You DO NOT want to listen to everything again later!
As the director, you should know what you want, and also should be able to recognize a good take when the actor gives you one - as it happens.
Make a decision and move on.

Communicating with the actors thru the glass

push to talk

There's a special microphone for this - which is hooked to the headphones the actors wear. 
Press the TALK button to speak with your cast between takes.

During the take, use hand signals:

  • When to start talking - wait for the GO from your sound man, then signal to the actor to start.
  • Give thumbs up signals when you like something the actor did.
  • Show it when you don't like a choice.
  • Signal when you want the actor to speed up or slow down, give more power or go more softly.
  • Signal when to stop when you feel you've got what you want.
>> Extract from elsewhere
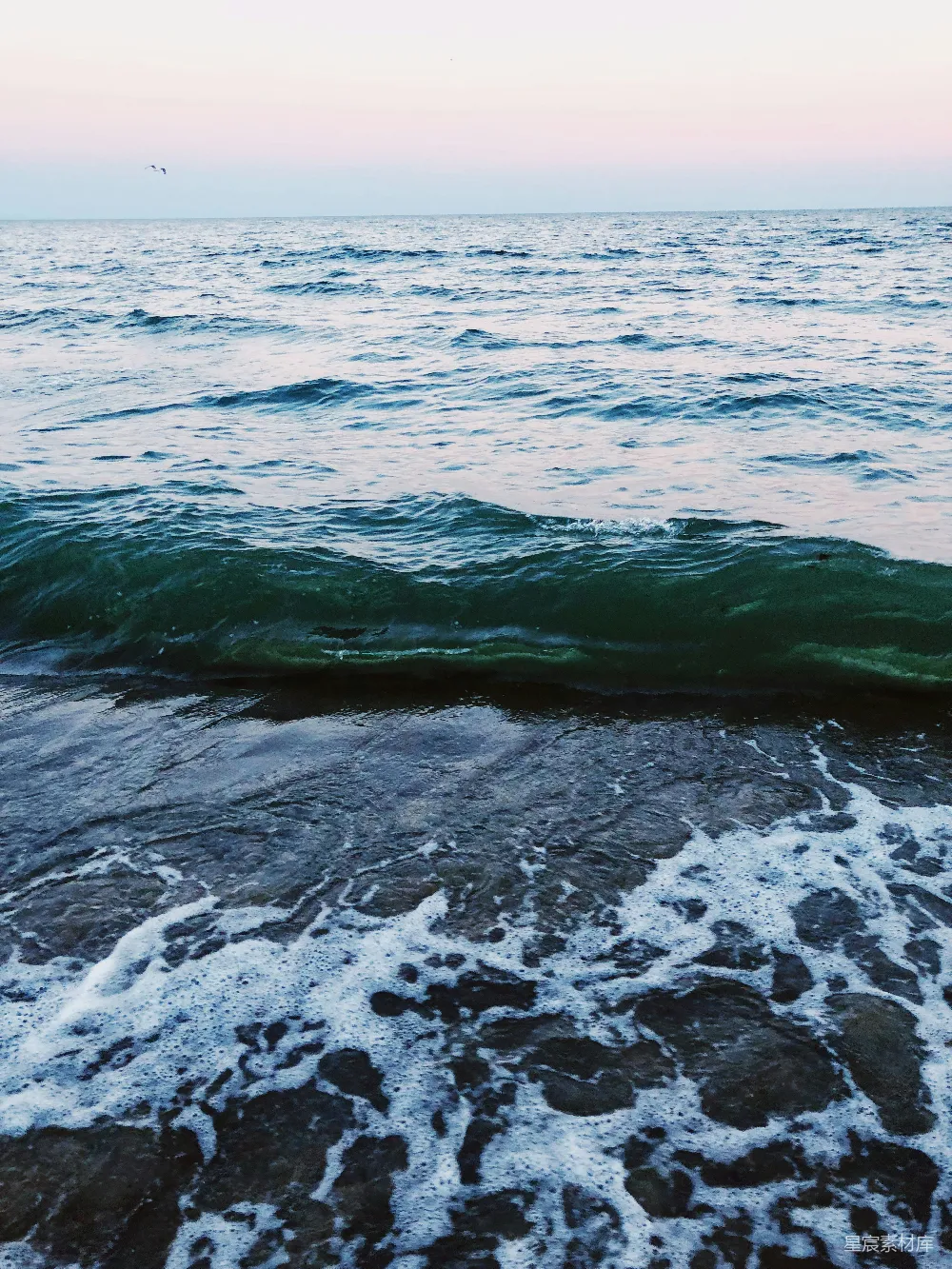 高清摄影 海浪 岩石 自然 宁静 海景 海浪拍打岩石的宁静时刻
It's easier to record the soundtrack for one actor at a time. 
If one actor does the voice of more than one character - record all the parts for that actor together.
Record all the lines for each character, even if it's a dialogue.

student director

Mr. Kaminski made sure each and every student got to try the director's seat. 
The hands-on experience is very different than watching someone else do it.

Animators are often introverted people, and this Classic Animation class was no different. They had to overcome the embarrassment, talk to the actors and give them directions, and make the effort to communicate what they really need for the story - what THEY think is right for the scene.

The "Wild Take" - Follies and sound effects

Recording dialogue soundtrack is more than just recording the speech - people make all sorts of sound when they speak - sighs, deep breaths, sounds that are very expressive but are not words ("Duhhh!").

Recording these sounds is called a "wild take".
There are also human-made sound effects, like slurping soup, whistles, lip smacking, smooching noises and all that.

Theses are very much a part of the soundtrack and they add a lot of color and character - don't miss them out!

Moving forward to the next phase of production

When we finished the soundtrack recording session, the corridor outside suddenly seemed very noisy to me.

I hadn't realized how smothering the silence inside the recording studio is.

The students left for a break before their next lesson. Mr. Kaminski gathered the notes from the script-boy, and the sound files from the sound technician.

He will put these together into a video-board (animatik) to show the students how the dialogue and story board all fit together on a timeline.

Soundtrack can make or break a film - especially in animation.

Seeing the video board run with a dialogue or music for the first time - that's when you feel that you really have a movie.